When I woke, the memory of her face would escape me. But throughout the day, I'd spent hours daydreaming about falling asleep at night and floating through the sky to the orange tree where I always met her.

My fantasies and admiration for the queen knew no bounds. For a time as a boy, she was a sign of something true and bright. She was my savior and queen. But Papa's passing had awakened me to what she truly was—Evil.

After my grandparents passed, my widowed crippled mother, who had worked for years as a midwife and nurse in Uwari was forced to relocate my five siblings and I to the capital of the kingdom: Ara. There was barely enough for her to use and cater to her children and we were beginning to suffer the same fate of starvation she once suffered as a slave.

My uncle, the cousin of my grandmother, a low chief in the kingdom offered my mother work as a maid in his castle and free lodging in a medium sized hut far enough from his mansion. For the first time since I was born, Mama had a separate room from her children. With twenty cowries a month, it was more pay than Mama had seen in a year.

Upon arrival, there was no way I was going to allow Mama to work in her condition.

Mama's work had always involved sitting and tending to patients, whereas my uncle's castle would require her to walk long distances all day, mopping and dusting, doing all sorts of tedious jobs on her single leg. I took over her job and Mama began selling pumpkin seeds and vegetables in the local market.
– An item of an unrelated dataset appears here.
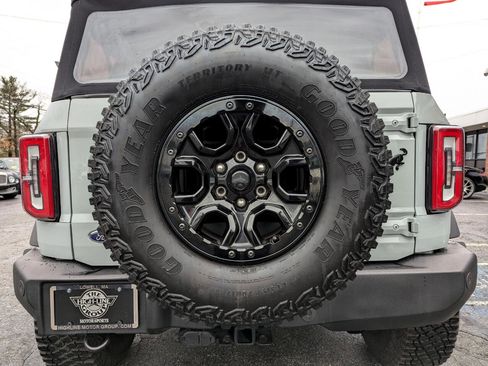 Used 2021 Ford Bronco Wildtrak image 49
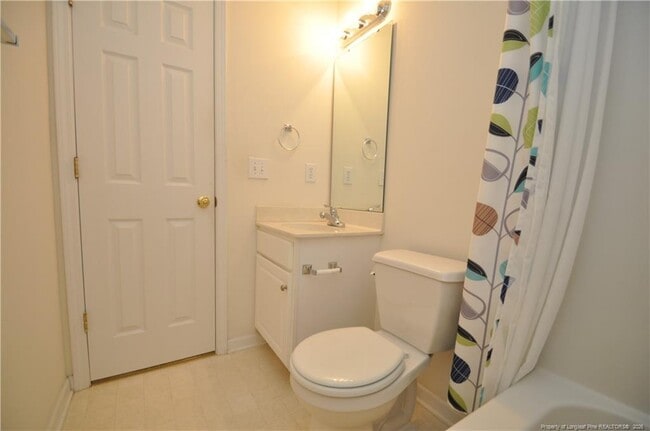 Building Photo - 416 Oak Pine Dr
It was two years before we could afford to enlist my twin younger brothers and triplet sisters in school to learn all the things I never got a chance to learn. And soon we could afford to eat once everyday without begging for scraps.

Though I did menial jobs in the lower side of the city where servants could roam freely, from pushing wheelbarrows for traders in the local market, running a weekend laundry stall in the cleaning factory, and occasionally nannying the children of middle class citizens who couldn't afford to hire vast amounts of servants, working for my uncle paid the most, but it was the one I loathed the most.